Source data
========================

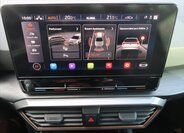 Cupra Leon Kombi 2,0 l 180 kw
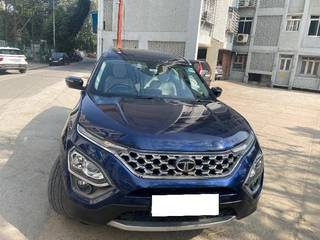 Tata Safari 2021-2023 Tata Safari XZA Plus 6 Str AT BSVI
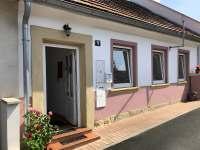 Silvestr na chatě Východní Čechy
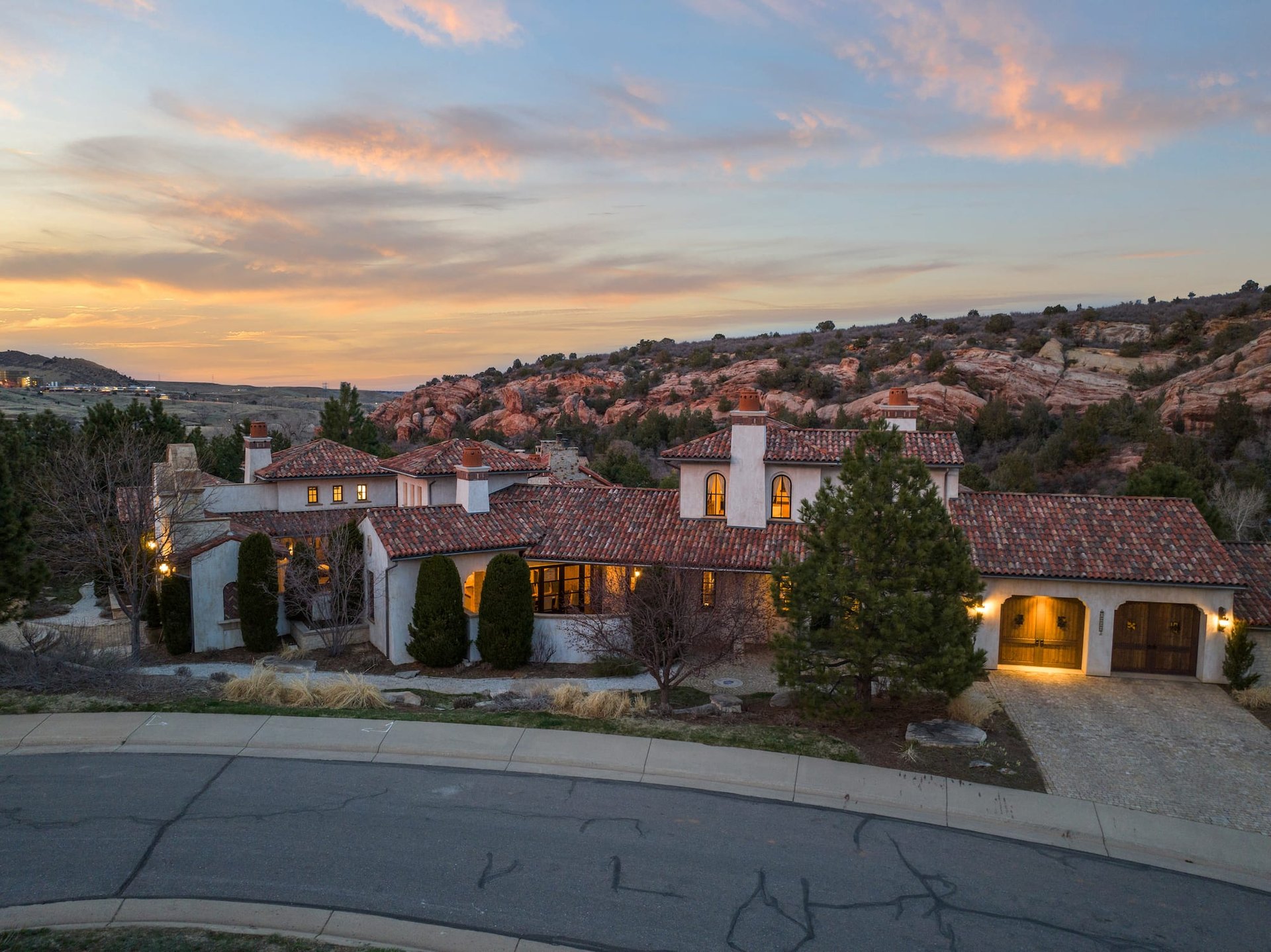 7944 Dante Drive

========================

Skip the pictures and copy exactly the lines from the one containing "Tata Safari 2021-2023" through the end of the material, both ends included.

Written solution
 Tata Safari 2021-2023 Tata Safari XZA Plus 6 Str AT BSVI
 Silvestr na chatě Východní Čechy
 7944 Dante Drive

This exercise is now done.